» TASK STATEMENT:
Among the entries below, please repeat exactly and only the lines from the line containing "EBROM Câble de" to the line containing "Unfinished basement storage room", both lines included.

» MATERIAL TO PROCESS:

****

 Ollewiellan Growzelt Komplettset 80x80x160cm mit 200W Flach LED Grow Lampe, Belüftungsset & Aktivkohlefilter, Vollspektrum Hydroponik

****

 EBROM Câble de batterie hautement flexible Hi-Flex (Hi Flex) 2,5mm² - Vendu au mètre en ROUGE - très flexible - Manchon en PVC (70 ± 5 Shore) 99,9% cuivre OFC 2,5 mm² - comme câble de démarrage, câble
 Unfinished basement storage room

****

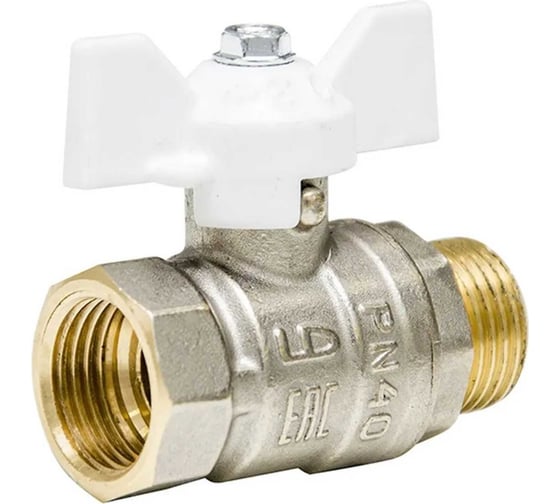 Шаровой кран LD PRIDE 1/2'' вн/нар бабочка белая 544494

****

» OUTPUT BELOW:
 EBROM Câble de batterie hautement flexible Hi-Flex (Hi Flex) 2,5mm² - Vendu au mètre en ROUGE - très flexible - Manchon en PVC (70 ± 5 Shore) 99,9% cuivre OFC 2,5 mm² - comme câble de démarrage, câble
 Unfinished basement storage room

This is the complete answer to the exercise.